To test out the source connector, you can insert documents into MarkLogic that contain data that matches TDE templates to generate Optic rows that match your query. For example, if your TDE template defines an "Authors" view in the "Medical" schema, the source configuration file might have the following properties.

ml.source.optic.dsl=op.fromView("Medical", "Authors")
ml.source.topic=Authors

Then, after the connector is running, monitor the "Authors" topic. When a document is retrieved from MarkLogic and delivered by the connector to the topic, you'll see logging like this:

[2023-01-10 09:58:23,326] INFO [marklogic-source|task-0] DSL query: op.fromView("Medical", "Authors") (com.marklogic.kafka.connect.source.DslQueryHandler:37)
[2023-01-10 09:58:23,395] INFO [marklogic-source|task-0] Source record count: 3; duration: 66 (com.marklogic.kafka.connect.source.RowManagerSourceTask:79)

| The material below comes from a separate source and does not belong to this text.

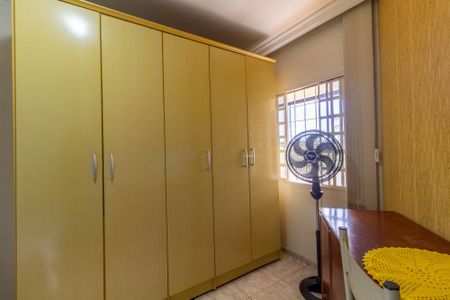 Casa à venda com 340m², 5 quartos e 5 vagas Casa à venda com 340m², 5 quartos e 5 vagasQuarto 3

You can monitor the number of records in the target Topic using a tool included with Kafka in the bin directory:

bin/kafka-run-class.sh kafka.tools.GetOffsetShell --broker-list localhost:9092 --topic Authors

You can also use a Kafka tool to pull messages from the Topic. If you run this command while loading records from MarkLogic, it will monitor the topic and output the records as they are delivered:

bin/kafka-console-consumer.sh --bootstrap-server localhost:9092 --topic Authors

Testing the Docs service

User documents designed to be published with GitHub Pages and are maintained in the /docs directory of the project. You must have Ruby installed. Additionally, there seems to be a bug with running jekyll with Ruby 3.3. The server needs to be run with Ruby 3.2.3, so you will need to run chruby ruby-3.2.3 before starting the jekyll server. To start the jekyll server, cd into the /docs directory and run the command bundle exec jekyll server. This will start the server and the user documents will be available at http://127.0.0.1:4000/.

Publishing the Connector to Confluent

Please refer to the internal Wiki page for information regarding the process for releasing the connector to the Confluent Hub.